Vinayshil Gautam FRAS is currently the Vice Chairman of Fore School of Management in New Delhi. Gautam previously served as the Founder Director of the Indian Institute of Management (IIM) Kozhikode and led the consulting team at IIM Shillong.

== Career ==
Dr. Gautam served as Founder Director of Indian Institute of Management Kozhikode and Leader of the Consulting Team at IIM, Shillong. During his tenure at IIT Delhi, he served as the first head of the 1st statutory Management Department.

Many governmental agencies, corporations, and departments have sought his advice. He served as visiting professor at University of Sussex, Brunel, Dominican, Minnesota, as well as Cambridge University, University of London, Toronto University, University of York and Duke University. He has been the visitor's (President of India) nominee to the BHU, the Vishwabharati Academic Council, and the Jammu University Council.

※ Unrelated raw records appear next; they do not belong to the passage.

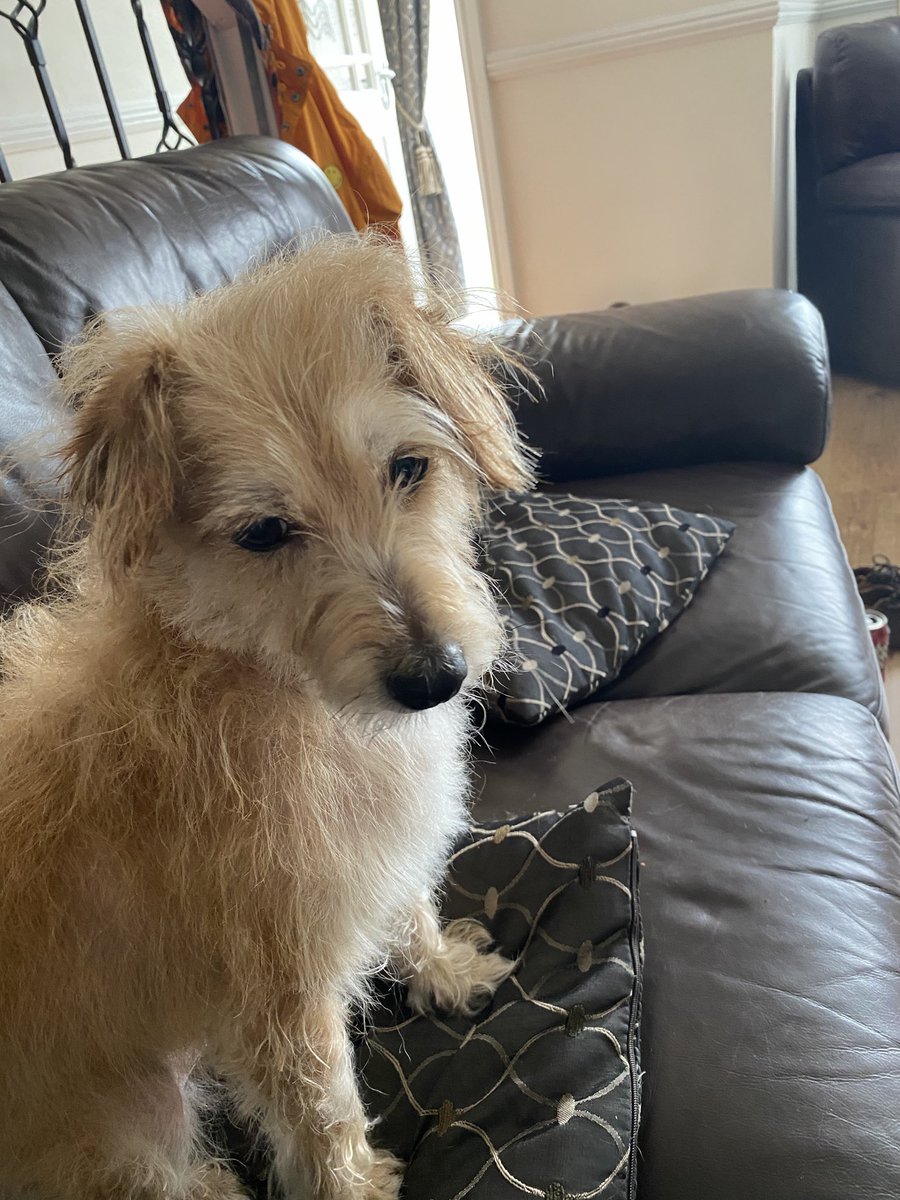 Ian Cosgrove tweet media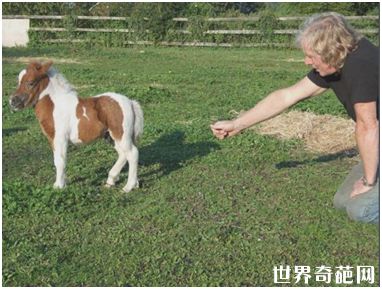 世界上最小的马种——法拉贝拉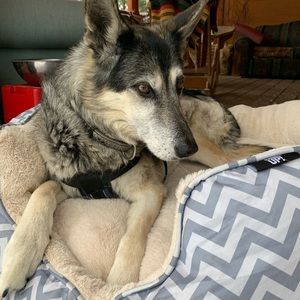 Meet your Posher, Adrienne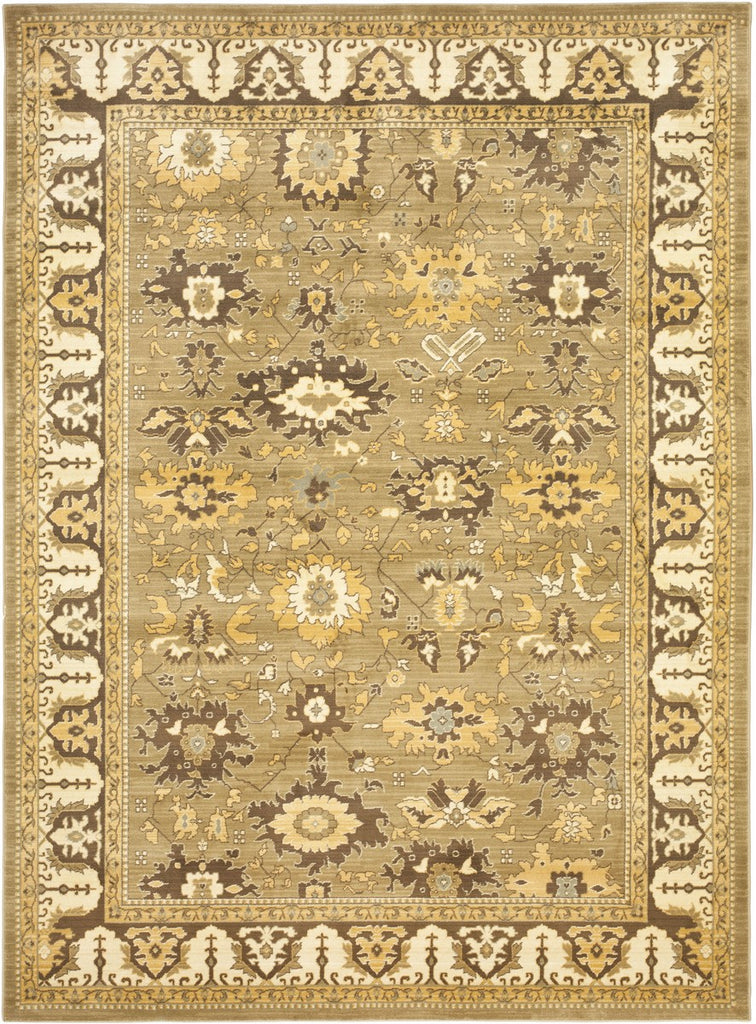 safavieh clearance heirloom hlm1741 5225 green rug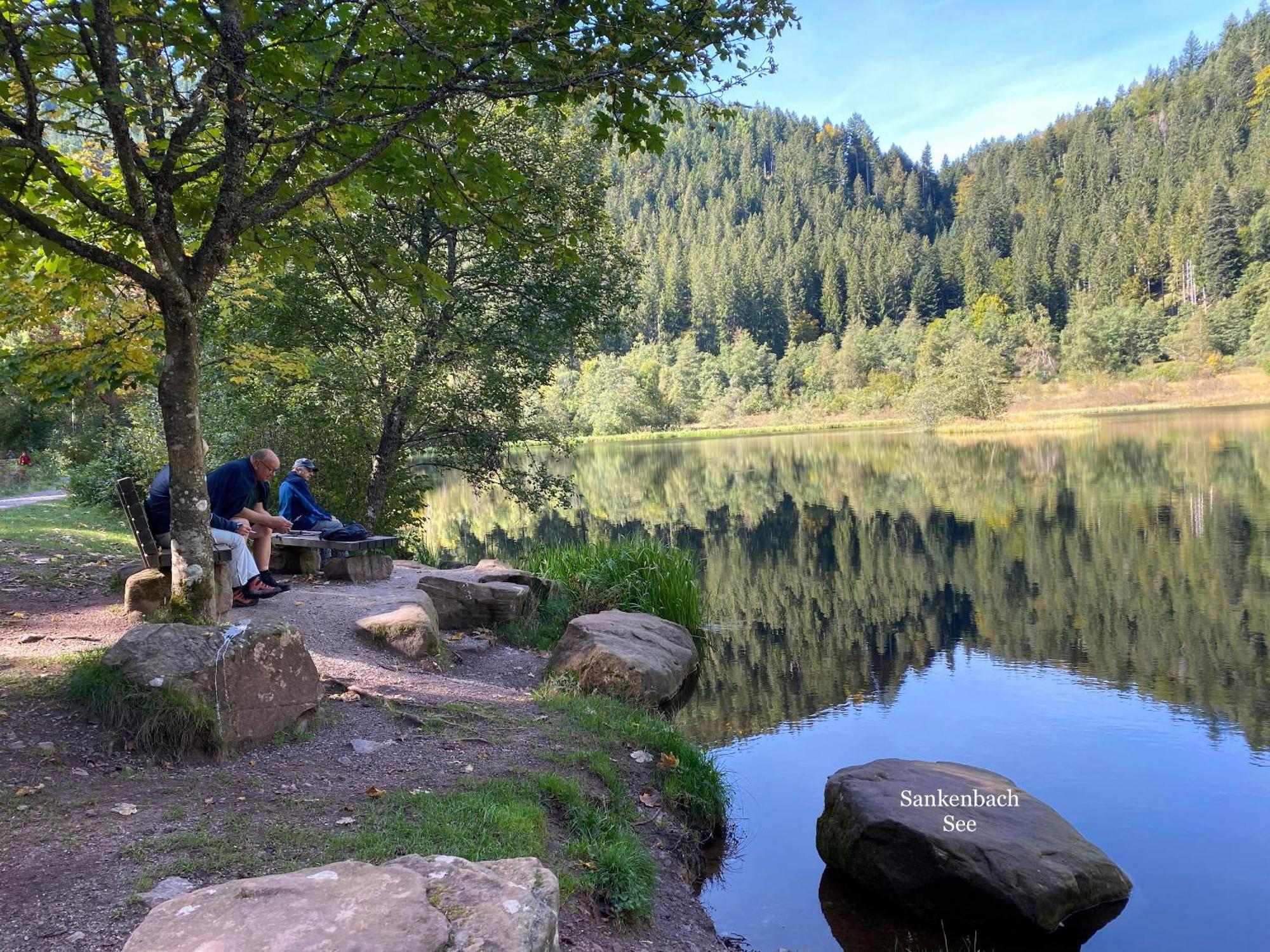 3- 2-1 - Raum - Dieter Hoffmann Freudenstadt-kniebis Beim Nationalpark *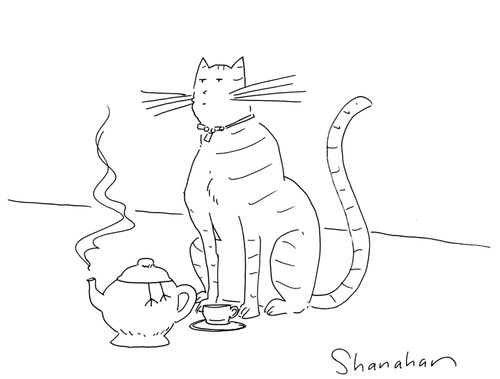 Cat brewing bird tea.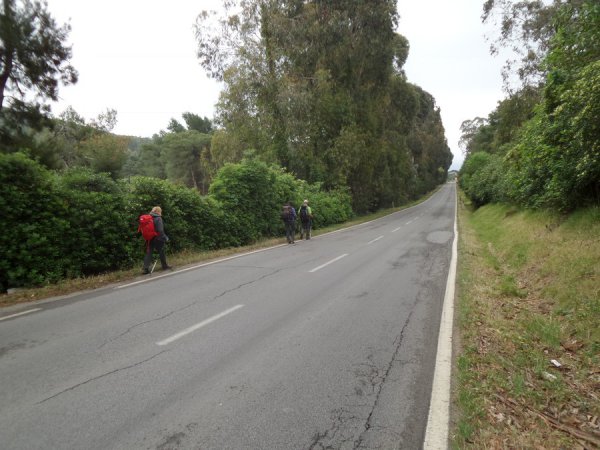 Bivio
immettersi sulla strada provinciale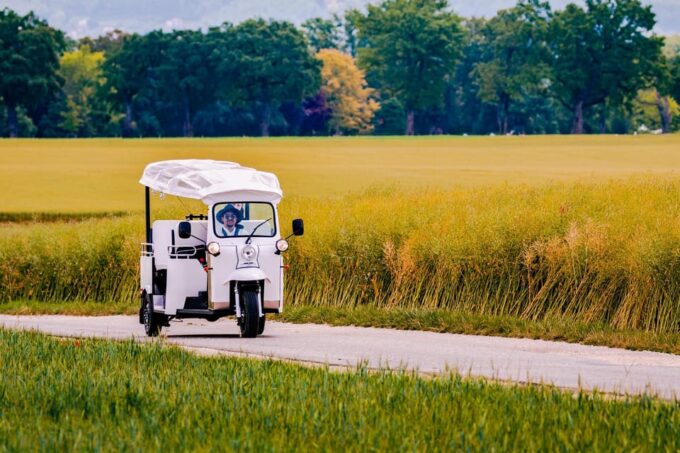 Private Highlights Top Places Tour Electric TukTuk 1h15 - Personalized Experience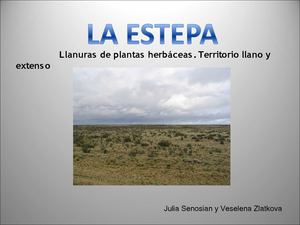 ESTEPA - Julia VEselena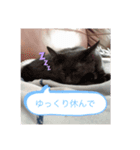 Wモン（個別スタンプ：4）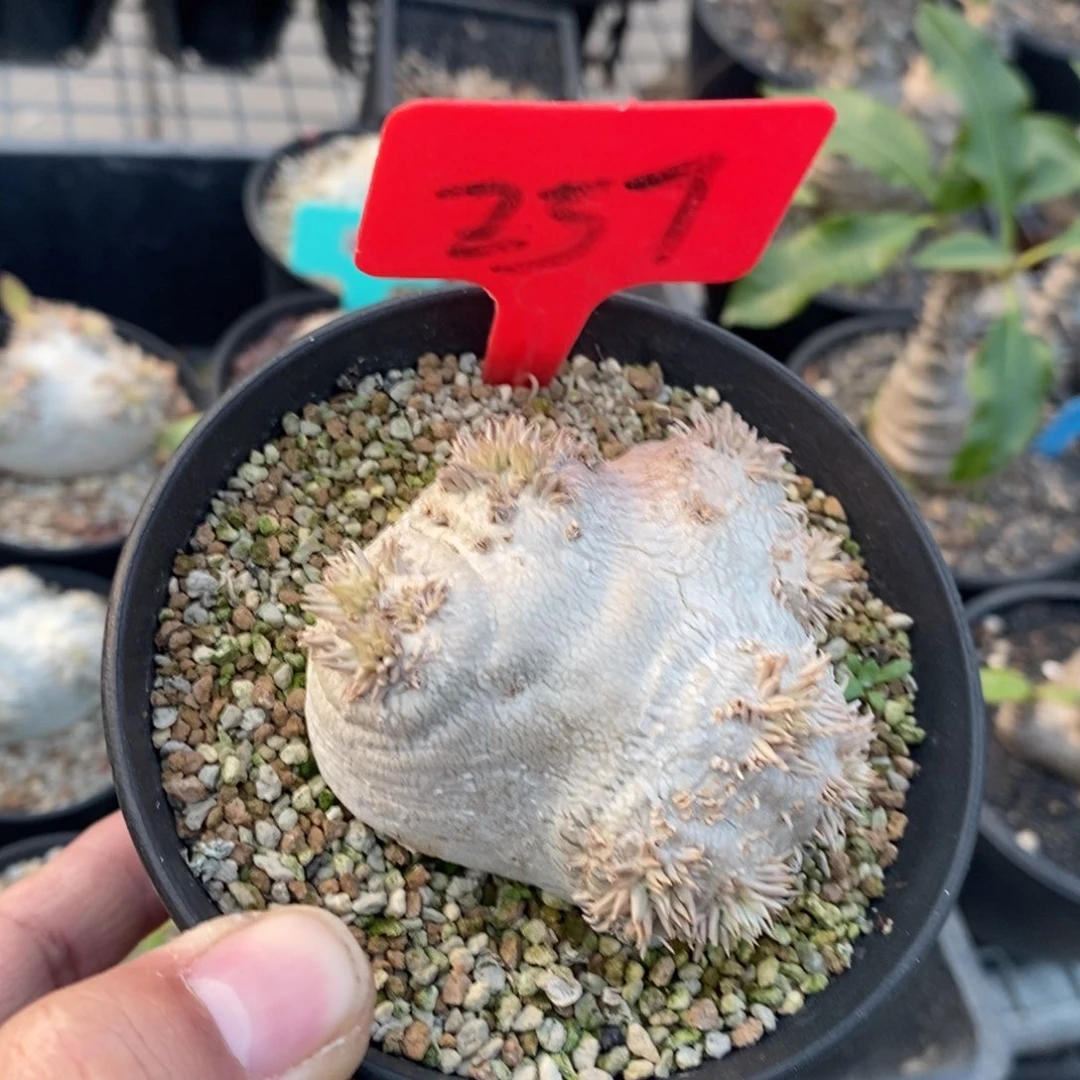 产地慧比须笑多肉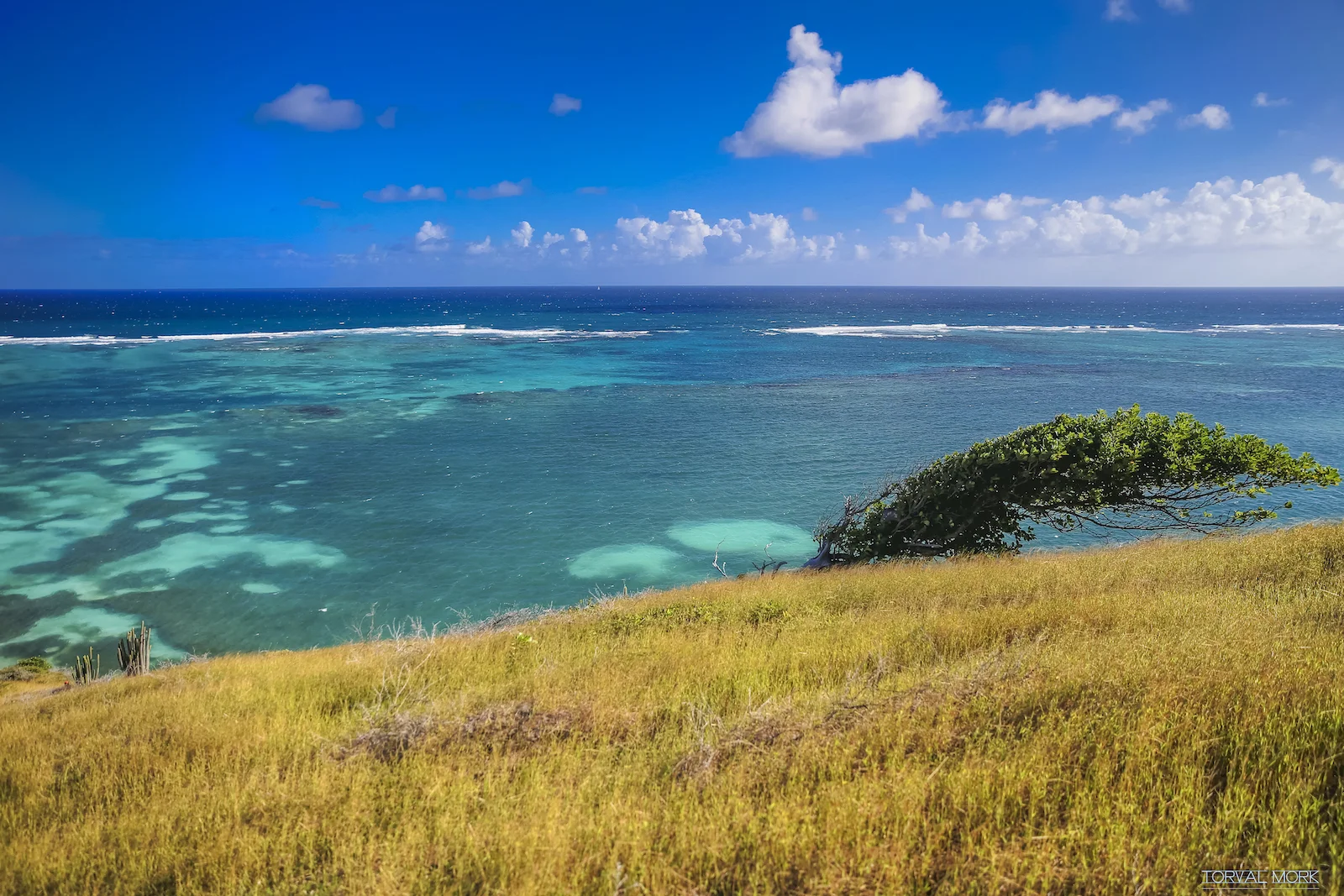 2016 ANTIGUA TRAVEL-61.JPG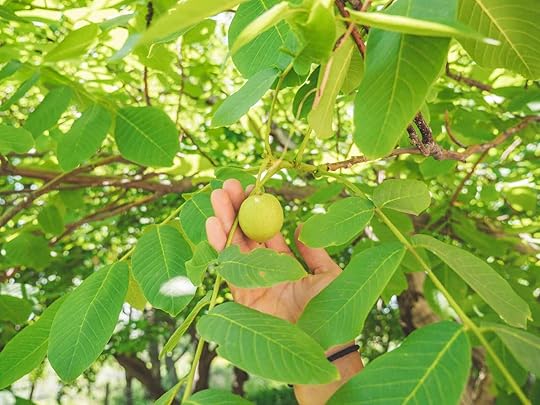 Kyrgyzstan walnut forest-walnut closeup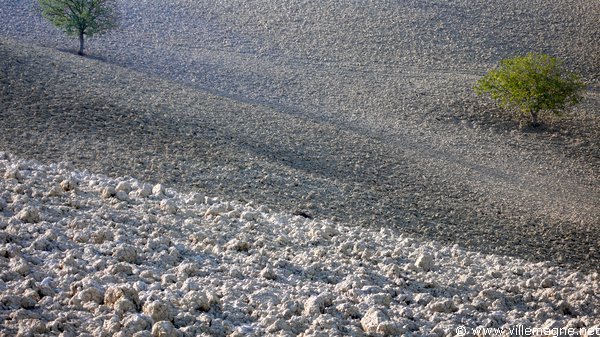 Entre Monte Oliveto Maggiore et Montepulciano Entre Monte Oliveto Maggiore et Montepulciano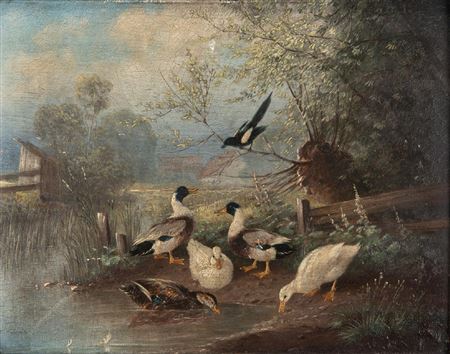 Ducks gathered at edge of pond near farmstead.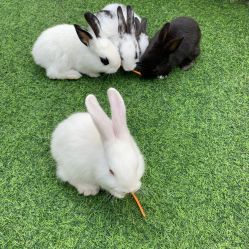 -萌宠亲子动物乐园(槐房万达店)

He served on the jury panel of BML Munjal awards.

== Awards ==
1. Awarded the Bharat Gaurav Award by the All India Management Association (2003)
2. Asian Regional Training and Development Organization (ARTDO) International Academic Excellence Award (2003).
3. Dewang Mehta lifetime award 2012.
4. Economic Times Awards Lifetime Achievement Award (2013).

== Books Authored ==
- Enterprise and Society: A Study of Some Aspects of Entrepreneurship and Management in India. Concept Publishing Company (1979).
- Management for Engineering Action. Sterling Publishing (1993).
- Technical entrepreneurship: Issues of Research and Applications. Allied Press (1995).
- Understanding Telecom Management. Concept Publishing Company (2004).
- Essays In Longitudinal Thinking Managing Change With Continuity, IJTD (2005).
- Organisation Development Systems. Concept Publishing Company (2011).